Ricevuto il comando, Chara tornò nuovamente a concentrarsi sull’esercizio. Il passo seguente era incanalare nuovamente la sua magia e quella in aggiunta di Undyne nelle sue dita, per poi rilasciarla nella lancia. Affinché l’esercizio venisse completato con successo, la lancia avrebbe dovuto frantumarsi del tutto, come quando aveva fatto uso di questa abilità inavvertitamente per proteggere Frisk, quella volta durante il suo primo incontro con Undyne. In quell'occasione, era stato l'istinto a guidarla nell'utilizzo di quella risorsa, e Chara aveva presto scoperto che eseguire consapevolmente quella sequenza di azioni era, di gran lunga, più complicato. Non sempre, quindi, riusciva a portare a termine l’esercizio con un esito positivo e questo tentativo in particolare si rivelò un parziale insuccesso. La lancia, infatti, si sbriciolò in frammenti solo limitatamente e restò quasi del tutto integra fra le sue mani luminescenti di magia vermiglia.

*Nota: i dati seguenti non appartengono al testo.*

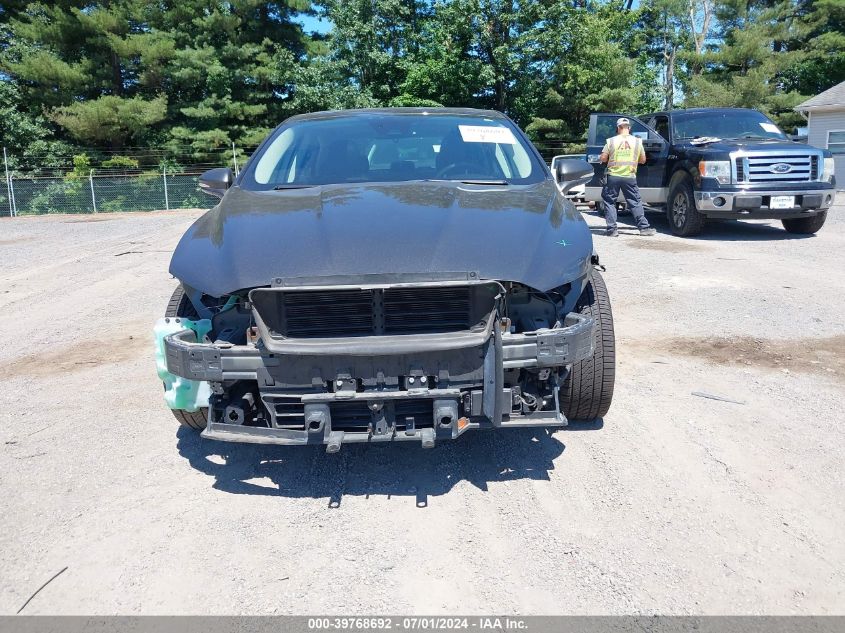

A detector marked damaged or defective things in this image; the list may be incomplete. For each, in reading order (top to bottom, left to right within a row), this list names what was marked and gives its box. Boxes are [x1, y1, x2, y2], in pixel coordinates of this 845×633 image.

damaged gray sedan [153, 108, 612, 452]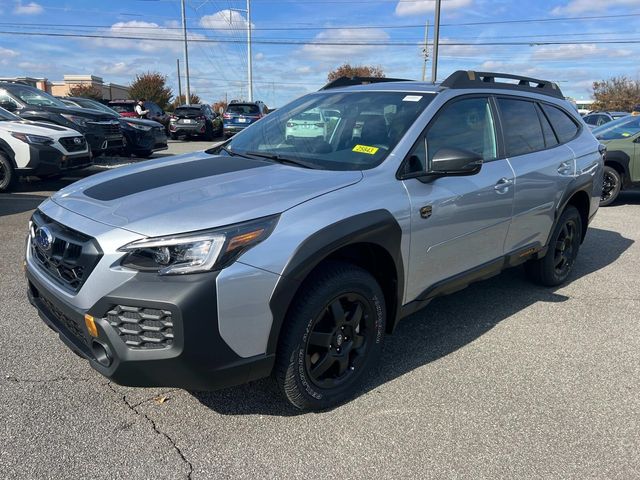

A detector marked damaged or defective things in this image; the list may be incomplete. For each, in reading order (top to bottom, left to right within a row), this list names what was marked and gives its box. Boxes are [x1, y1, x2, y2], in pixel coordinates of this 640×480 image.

pavement crack [106, 380, 192, 478]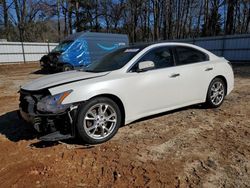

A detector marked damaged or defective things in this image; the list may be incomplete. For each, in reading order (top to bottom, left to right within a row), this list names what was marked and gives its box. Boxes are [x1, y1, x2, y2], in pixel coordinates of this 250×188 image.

damaged front end [18, 89, 78, 140]
cracked headlight [37, 90, 72, 113]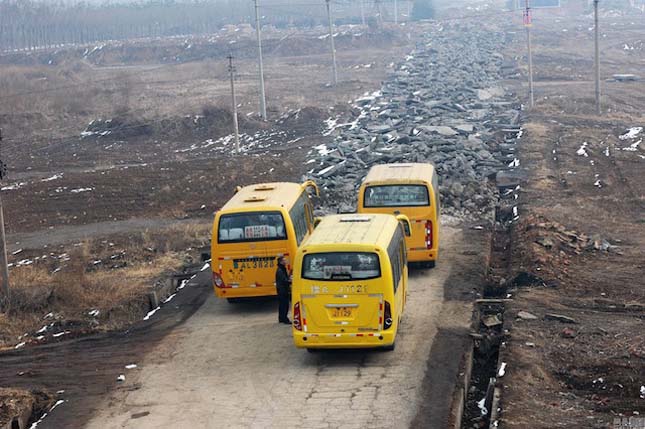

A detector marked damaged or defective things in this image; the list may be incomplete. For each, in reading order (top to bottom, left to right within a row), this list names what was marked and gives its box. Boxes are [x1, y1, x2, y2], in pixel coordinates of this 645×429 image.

pile of broken concrete slab [304, 22, 520, 221]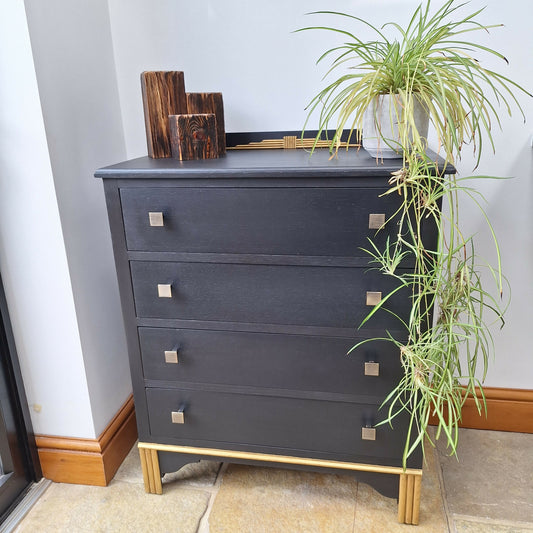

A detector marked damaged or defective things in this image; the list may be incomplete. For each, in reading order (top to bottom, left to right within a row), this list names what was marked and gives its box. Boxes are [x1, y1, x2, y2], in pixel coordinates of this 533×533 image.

tall burnt wood block [139, 71, 187, 158]
charred wood block [140, 71, 186, 158]
short burnt wood block [141, 71, 187, 158]
tall burnt wood block [168, 113, 218, 161]
short burnt wood block [170, 113, 220, 161]
charred wood block [171, 114, 219, 160]
tall burnt wood block [186, 91, 225, 153]
short burnt wood block [186, 91, 225, 153]
charred wood block [186, 91, 225, 153]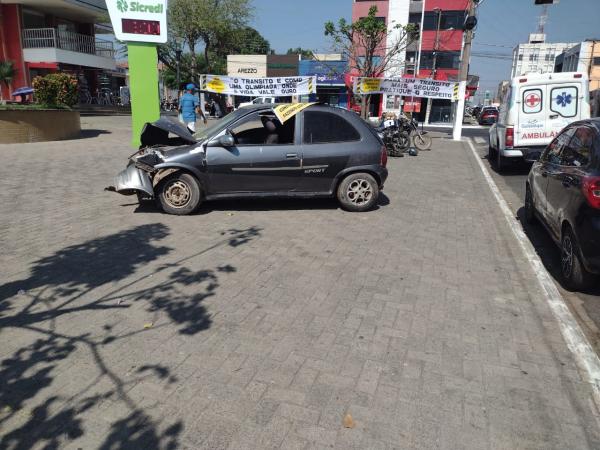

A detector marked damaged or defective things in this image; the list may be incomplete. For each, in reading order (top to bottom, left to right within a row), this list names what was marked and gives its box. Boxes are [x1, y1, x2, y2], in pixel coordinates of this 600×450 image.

broken front bumper [112, 163, 155, 196]
damaged gray car [108, 106, 390, 218]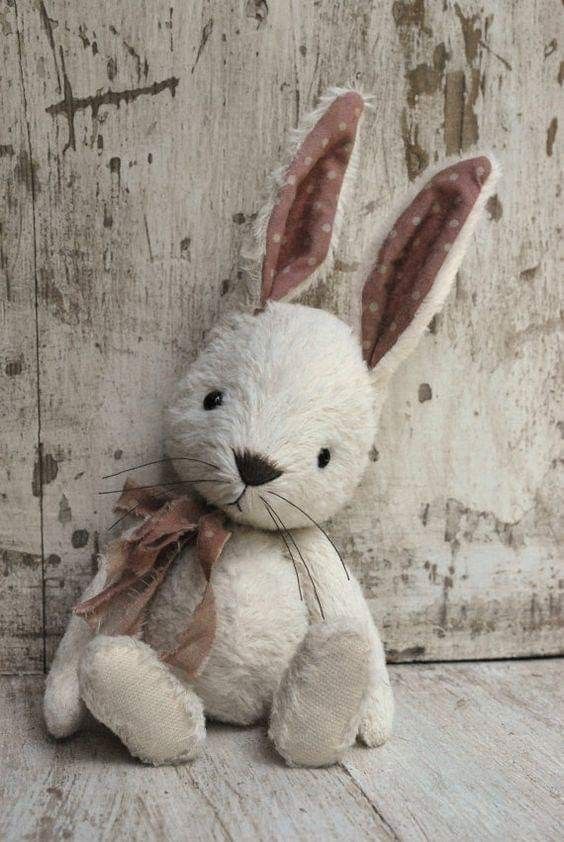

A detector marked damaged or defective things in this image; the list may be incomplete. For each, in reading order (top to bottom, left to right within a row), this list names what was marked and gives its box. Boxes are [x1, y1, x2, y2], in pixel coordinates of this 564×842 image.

peeling paint wall [2, 0, 560, 668]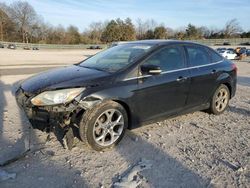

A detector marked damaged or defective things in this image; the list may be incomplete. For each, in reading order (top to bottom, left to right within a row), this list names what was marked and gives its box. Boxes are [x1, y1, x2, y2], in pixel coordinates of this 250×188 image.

broken headlight [30, 88, 85, 106]
damaged car [15, 40, 236, 151]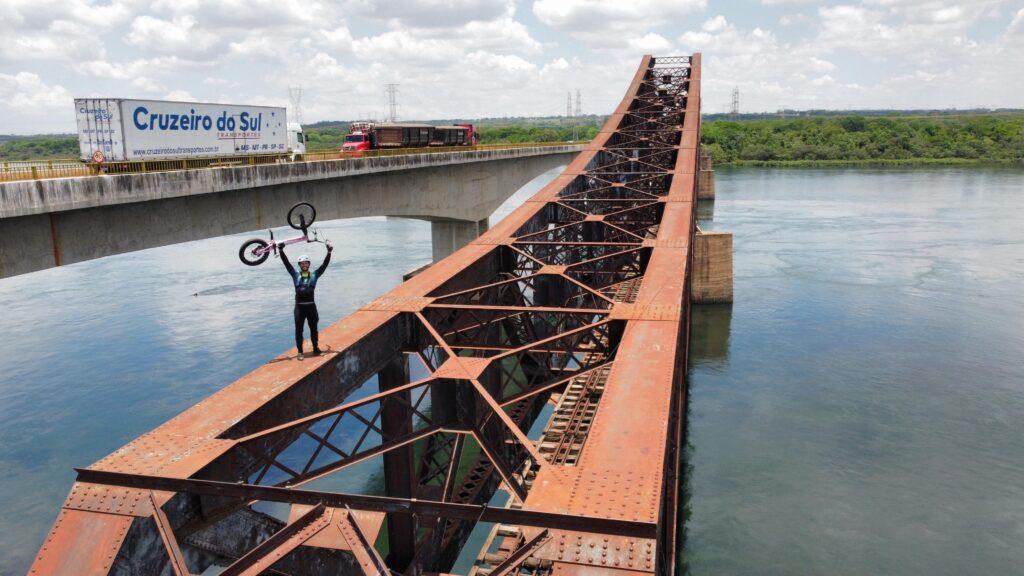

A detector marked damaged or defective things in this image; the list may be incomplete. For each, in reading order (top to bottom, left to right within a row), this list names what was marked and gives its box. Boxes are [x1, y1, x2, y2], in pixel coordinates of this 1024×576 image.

rusty steel bridge [30, 54, 704, 576]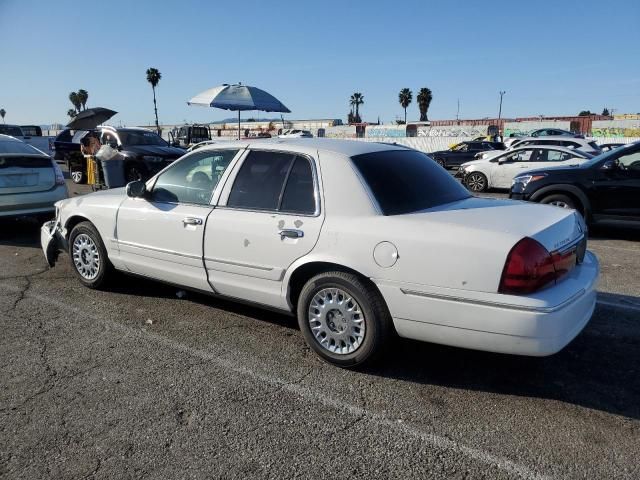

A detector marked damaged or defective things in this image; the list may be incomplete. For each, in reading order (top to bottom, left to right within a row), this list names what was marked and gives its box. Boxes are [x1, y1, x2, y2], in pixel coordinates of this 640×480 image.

damaged front bumper [40, 219, 67, 268]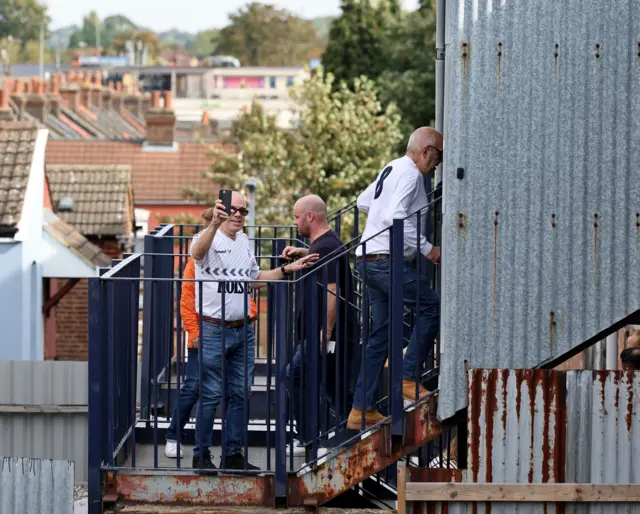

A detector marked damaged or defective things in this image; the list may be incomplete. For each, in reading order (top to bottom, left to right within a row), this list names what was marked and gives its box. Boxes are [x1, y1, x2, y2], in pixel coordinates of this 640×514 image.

rusty corrugated metal [438, 0, 640, 420]
rusted metal panel [440, 0, 640, 420]
rusty corrugated metal [0, 456, 74, 512]
rusted metal panel [0, 456, 74, 512]
rusted metal panel [113, 470, 276, 506]
rusted metal panel [288, 400, 442, 504]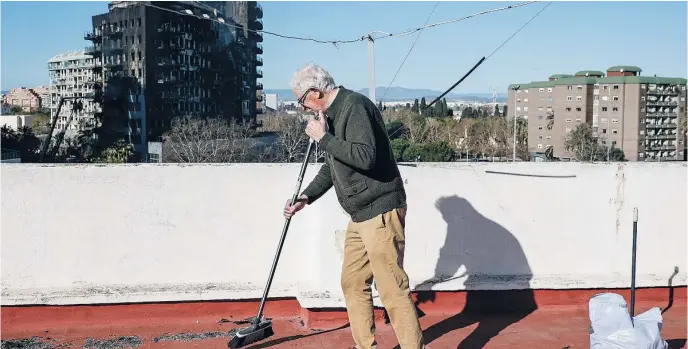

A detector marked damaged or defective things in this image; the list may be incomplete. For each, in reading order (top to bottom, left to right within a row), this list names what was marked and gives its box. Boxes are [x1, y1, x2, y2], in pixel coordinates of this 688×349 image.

Chara emise un gemito seccato davanti al risultato scadente che ottenne. Le doveva mancare la concentrazione necessaria oggi, oppure la giusta calma per manipolare efficacemente la magia, ma non intendeva per questo darsi per vinta.
« Riproviamoci. » Disse, sperando di vedere l’approvazione che desiderava nello sguardo di Undyne. Tuttavia, la guerriera sembrava essere di tutt’altro avviso in quel momento.
« Nah, basta così, teppista. È il momento di fare una pausa. » Le rispose Undyne, sgranchendosi le braccia e il collo mentre si alzava.
« Posso ancora continuare. » Affermò sicura, in un vano sforzo di convincere la sua maestra a non interrompere l’allenamento proprio adesso, ma Undyne fu irremovibile.
« Ripetimi la seconda regola che ho stabilito. »
Chara roteò leggermente gli occhi di fronte al modo con cui Undyne posizionò le mani sui fianchi.
« ‘L’allenamento non termina finché non sarà il coach a deciderlo personalmente’. »
« Esatto. » Confermò la guerriera. « Di conseguenza, se decido che è il momento di fare una pausa, allora, una pausa si farà. E NON si discute! »
« Sissignora... » Replicò la ragazzina, con tono monocorde.
Undyne sciolse quindi la sua postura imperiosa e, senza preavviso, le avvolse un braccio intorno al collo, stritolandola affettuosamente contro la sua anca. Chara sentì ogni traccia d’aria scomparire istantaneamente dai suoi polmoni.
« Non tenere il muso, pesciolina! È bene fare una pausa ogni tanto quando ci si allena, altrimenti si rischia di ottenere più fallimenti che successi! Parlo per esperienza! »
« U-UGH… U-Undyne… n-non respir… o… » Rantolò Chara, le dita strette intorno al polso della donna-pesce nel disperato tentativo di farle allentare la presa letale intorno al suo collo.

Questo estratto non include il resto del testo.